À la tête des hommages, le président de la République, Bassirou Diomaye Faye, a exprimé sa « profonde tristesse » face à ce drame. Dans un message publié sur ses canaux officiels, le chef de l’État a salué la mémoire d’un « guide religieux respecté, au service de la foi et de la communauté », tout en présentant, au nom de la Nation, ses condoléances à la famille éplorée, au nouveau khalife ainsi qu’à l’ensemble de la communauté musulmane.
Même tonalité du côté de l’Assemblée nationale. Son président, Malick Ndiaye, a évoqué une « disparition brutale » qui « endeuille la nation tout entière », avec une pensée particulière pour la région de Louga, fortement marquée par l’influence spirituelle du défunt.
Un héritage spirituel et social durable
Né en 1958 à Guéoul, Cheikh Makhfou Aïdara était le fils de Cheikhna Mouhamed Fadal Aidara, figure religieuse majeure installée dans la localité depuis les années 1940. À la disparition de ce dernier en 1981, il avait pris les rênes de la communauté khadre, s’imposant au fil des décennies comme un repère spirituel respecté.
Reconnu pour sa discrétion, sa rigueur et son sens de la médiation, il s’était illustré bien au-delà du champ religieux. Son action en faveur de la cohésion sociale, de la prévention des conflits et de l’éducation a durablement marqué sa communauté. Il a notamment contribué à la création du premier collège d’enseignement moyen de Guéoul, participant ainsi à l’ancrage de l’éducation dans cette localité.

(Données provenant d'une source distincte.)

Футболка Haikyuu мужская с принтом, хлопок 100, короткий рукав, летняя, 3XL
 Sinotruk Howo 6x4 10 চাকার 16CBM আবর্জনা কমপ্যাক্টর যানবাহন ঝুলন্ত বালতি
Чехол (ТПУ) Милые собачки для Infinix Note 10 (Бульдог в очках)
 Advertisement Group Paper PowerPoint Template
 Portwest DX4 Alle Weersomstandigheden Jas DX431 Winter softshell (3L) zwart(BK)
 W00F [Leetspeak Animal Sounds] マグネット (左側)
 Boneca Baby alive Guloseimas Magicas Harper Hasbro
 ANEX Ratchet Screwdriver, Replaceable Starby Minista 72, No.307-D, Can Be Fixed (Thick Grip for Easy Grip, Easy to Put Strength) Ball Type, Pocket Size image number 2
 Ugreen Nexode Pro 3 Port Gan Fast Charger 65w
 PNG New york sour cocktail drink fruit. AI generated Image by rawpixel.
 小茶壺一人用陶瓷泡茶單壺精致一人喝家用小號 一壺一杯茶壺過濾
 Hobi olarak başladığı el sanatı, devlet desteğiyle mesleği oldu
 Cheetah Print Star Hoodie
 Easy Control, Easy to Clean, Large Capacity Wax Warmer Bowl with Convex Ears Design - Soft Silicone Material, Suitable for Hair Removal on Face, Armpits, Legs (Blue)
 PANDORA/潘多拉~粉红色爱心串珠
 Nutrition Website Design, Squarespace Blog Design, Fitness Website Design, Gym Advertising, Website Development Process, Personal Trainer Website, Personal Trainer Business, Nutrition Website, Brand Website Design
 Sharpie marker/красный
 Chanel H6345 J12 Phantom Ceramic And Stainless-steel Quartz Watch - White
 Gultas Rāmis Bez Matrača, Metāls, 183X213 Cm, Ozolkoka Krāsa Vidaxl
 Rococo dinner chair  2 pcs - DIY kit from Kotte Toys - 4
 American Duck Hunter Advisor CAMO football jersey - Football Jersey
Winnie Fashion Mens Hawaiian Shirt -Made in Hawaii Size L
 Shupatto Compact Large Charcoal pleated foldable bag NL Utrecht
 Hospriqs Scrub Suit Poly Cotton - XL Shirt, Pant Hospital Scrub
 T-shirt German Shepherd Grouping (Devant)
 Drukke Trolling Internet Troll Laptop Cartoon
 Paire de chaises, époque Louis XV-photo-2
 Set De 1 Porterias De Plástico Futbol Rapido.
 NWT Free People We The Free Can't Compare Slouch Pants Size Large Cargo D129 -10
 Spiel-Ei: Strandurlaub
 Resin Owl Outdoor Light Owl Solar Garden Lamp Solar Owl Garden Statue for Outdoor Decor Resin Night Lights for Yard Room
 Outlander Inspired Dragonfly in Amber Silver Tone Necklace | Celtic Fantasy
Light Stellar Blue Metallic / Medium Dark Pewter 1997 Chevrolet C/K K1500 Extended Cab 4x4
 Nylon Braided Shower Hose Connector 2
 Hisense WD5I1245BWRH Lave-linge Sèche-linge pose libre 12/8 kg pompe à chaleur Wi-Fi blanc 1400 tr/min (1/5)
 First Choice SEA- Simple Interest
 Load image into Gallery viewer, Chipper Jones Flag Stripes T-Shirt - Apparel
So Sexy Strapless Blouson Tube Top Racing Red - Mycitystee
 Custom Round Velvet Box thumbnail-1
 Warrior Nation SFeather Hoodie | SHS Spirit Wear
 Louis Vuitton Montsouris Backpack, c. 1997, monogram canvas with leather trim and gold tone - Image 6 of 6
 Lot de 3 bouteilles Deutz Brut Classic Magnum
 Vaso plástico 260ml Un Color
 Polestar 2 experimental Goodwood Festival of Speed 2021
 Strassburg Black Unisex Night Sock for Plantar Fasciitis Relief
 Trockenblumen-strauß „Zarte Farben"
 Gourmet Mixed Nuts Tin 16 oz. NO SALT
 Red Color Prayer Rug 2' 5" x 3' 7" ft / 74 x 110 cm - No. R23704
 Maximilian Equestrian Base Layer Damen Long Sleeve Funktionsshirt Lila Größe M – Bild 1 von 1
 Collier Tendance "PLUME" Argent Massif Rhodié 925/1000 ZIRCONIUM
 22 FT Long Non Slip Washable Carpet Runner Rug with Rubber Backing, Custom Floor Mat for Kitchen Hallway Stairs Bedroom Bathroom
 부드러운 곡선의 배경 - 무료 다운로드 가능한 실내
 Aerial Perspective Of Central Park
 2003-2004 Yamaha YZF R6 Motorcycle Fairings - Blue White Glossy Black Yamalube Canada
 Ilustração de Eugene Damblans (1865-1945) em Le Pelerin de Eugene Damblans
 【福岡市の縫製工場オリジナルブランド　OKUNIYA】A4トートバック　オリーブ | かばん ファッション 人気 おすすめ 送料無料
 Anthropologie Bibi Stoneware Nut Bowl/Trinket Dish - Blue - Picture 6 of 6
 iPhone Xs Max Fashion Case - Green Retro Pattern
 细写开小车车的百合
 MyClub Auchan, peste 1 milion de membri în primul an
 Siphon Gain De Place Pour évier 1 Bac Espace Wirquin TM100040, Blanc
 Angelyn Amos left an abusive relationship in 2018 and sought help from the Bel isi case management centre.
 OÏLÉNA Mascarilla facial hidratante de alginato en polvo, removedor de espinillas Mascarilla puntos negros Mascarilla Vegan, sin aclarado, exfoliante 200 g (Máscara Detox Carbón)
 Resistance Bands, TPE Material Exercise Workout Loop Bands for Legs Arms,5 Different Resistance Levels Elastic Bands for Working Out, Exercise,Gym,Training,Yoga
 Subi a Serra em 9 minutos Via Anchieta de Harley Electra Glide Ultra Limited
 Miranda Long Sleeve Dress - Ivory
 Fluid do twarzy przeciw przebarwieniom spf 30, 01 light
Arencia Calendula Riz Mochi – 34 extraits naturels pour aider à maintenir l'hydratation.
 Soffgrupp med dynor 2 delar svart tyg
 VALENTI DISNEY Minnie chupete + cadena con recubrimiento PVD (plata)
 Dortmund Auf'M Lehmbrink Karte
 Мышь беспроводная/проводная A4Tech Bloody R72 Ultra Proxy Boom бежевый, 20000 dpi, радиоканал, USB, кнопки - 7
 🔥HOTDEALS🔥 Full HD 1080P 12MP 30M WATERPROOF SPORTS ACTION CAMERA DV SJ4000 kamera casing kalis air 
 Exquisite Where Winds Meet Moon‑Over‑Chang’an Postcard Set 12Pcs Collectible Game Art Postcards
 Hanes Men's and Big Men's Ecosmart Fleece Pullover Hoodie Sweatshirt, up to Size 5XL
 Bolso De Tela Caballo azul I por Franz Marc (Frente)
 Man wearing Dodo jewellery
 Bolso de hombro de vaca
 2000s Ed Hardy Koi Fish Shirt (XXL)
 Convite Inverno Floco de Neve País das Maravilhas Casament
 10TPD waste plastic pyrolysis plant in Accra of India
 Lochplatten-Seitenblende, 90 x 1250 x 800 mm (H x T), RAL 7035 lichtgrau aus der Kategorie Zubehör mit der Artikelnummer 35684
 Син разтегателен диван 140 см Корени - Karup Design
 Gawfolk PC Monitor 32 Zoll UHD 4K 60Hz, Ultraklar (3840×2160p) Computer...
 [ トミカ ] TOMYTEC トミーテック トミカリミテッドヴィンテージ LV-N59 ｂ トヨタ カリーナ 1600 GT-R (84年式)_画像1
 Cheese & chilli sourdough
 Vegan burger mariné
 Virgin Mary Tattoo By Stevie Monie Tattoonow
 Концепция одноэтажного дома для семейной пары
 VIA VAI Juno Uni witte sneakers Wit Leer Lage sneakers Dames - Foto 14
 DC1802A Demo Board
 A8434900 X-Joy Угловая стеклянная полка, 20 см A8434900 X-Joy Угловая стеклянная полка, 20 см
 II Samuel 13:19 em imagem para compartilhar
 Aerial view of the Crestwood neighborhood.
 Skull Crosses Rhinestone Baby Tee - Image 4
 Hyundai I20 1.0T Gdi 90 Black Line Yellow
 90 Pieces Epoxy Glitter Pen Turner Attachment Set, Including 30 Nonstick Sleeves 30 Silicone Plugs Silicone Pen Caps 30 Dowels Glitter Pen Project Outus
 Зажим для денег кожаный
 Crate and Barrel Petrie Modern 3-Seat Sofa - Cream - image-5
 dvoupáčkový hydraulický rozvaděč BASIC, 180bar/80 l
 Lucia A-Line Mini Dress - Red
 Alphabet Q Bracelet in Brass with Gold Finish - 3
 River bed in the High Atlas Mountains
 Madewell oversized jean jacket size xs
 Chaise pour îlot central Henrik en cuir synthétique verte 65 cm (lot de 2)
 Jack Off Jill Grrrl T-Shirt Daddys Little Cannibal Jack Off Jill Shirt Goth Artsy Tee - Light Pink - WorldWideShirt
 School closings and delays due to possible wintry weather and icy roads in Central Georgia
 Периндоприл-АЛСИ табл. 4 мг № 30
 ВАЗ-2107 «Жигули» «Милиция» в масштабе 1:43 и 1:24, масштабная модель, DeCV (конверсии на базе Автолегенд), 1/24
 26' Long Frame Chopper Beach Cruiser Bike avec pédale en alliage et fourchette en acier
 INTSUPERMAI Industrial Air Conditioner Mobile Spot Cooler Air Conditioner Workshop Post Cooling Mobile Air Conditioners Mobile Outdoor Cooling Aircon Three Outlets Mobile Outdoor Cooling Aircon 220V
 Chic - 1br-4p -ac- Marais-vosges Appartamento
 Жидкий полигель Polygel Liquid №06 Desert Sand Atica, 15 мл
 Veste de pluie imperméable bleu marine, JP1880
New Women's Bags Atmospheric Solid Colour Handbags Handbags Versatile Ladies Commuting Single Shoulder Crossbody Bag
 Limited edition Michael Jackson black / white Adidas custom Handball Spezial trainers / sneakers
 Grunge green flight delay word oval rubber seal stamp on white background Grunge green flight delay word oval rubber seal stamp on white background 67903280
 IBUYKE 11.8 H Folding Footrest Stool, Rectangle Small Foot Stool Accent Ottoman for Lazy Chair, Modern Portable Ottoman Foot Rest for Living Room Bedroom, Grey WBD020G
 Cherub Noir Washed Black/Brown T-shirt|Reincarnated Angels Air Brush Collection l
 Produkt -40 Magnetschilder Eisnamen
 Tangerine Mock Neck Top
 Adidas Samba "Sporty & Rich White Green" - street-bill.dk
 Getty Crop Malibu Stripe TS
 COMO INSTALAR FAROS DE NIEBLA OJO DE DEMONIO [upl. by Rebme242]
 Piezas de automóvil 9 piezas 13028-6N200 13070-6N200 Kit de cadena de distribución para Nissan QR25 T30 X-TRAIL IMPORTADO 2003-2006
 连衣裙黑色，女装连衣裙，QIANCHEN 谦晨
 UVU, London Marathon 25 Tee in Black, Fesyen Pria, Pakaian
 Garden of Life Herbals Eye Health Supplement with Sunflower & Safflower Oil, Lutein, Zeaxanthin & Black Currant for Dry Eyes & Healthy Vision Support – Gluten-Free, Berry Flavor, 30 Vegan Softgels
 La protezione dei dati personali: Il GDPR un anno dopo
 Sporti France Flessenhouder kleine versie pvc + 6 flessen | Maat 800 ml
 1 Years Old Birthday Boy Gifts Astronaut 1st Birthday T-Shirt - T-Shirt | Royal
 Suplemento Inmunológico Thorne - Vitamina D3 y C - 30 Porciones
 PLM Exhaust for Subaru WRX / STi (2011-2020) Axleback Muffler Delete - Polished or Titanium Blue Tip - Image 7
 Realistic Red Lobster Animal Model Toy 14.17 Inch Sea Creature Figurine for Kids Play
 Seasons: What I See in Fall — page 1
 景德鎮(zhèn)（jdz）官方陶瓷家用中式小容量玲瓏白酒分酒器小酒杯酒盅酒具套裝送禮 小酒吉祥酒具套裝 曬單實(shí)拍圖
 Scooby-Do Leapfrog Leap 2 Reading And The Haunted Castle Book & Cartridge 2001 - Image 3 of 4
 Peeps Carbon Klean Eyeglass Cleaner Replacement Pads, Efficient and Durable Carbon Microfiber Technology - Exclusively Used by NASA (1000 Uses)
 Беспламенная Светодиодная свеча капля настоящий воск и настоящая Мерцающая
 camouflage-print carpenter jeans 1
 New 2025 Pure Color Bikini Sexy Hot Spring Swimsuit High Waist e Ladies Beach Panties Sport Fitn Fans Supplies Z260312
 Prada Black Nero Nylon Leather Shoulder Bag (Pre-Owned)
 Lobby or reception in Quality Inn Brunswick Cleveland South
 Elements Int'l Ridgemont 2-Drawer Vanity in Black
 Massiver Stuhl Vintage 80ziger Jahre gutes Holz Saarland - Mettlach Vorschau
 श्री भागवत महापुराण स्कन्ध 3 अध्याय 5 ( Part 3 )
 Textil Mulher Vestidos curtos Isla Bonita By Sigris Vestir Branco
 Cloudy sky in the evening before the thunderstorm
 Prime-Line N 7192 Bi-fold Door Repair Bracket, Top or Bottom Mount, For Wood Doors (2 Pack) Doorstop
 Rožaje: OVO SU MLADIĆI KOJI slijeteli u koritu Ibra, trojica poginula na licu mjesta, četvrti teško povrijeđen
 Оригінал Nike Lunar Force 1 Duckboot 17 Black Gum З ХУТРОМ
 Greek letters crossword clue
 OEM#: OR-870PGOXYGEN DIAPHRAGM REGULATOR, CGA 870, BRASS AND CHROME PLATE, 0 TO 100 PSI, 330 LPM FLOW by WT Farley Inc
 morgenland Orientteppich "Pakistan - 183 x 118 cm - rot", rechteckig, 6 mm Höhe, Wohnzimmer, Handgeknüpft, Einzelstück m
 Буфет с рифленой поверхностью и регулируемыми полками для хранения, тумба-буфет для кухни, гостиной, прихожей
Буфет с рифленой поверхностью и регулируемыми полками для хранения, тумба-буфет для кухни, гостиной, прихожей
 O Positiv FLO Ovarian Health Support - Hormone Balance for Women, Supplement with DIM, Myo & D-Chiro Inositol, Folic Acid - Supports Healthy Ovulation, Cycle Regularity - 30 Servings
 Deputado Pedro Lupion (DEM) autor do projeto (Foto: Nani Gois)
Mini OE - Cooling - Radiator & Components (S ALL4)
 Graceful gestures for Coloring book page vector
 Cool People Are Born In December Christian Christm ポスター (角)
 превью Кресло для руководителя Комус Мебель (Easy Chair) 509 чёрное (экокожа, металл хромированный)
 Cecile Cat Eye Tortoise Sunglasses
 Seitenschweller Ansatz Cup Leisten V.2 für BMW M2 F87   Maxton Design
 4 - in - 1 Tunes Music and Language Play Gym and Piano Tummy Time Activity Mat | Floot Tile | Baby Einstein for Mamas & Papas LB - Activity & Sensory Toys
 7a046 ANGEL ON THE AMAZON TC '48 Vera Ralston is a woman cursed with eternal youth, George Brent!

Le drame s’est produit alors qu’il revenait de Nimzatt, en Mauritania. L’accident survenu à hauteur de Diama a fait trois morts, dont le guide religieux et ses deux épouses, ainsi que plusieurs blessés, selon des sources proches de la famille.
L’inhumation a eu lieu dans la nuit de samedi à dimanche au cimetière Adramé de Guéoul, en présence d’autorités administratives et territoriales, dont le préfet de Kébémer.
À la suite de son rappel à Dieu, son frère, Cherif Chaya Aidara, a été désigné nouveau khalife des khadres de Guéoul. Une transition qui s’inscrit dans la continuité d’une tradition religieuse solidement enracinée.
Au-delà de l’émotion, la disparition de Chérif Bouh laisse l’image d’un homme de foi et d’engagement, dont l’influence dépasse largement les frontières de Guéoul, et dont l’héritage spirituel et social continuera de marquer durablement les générations futures.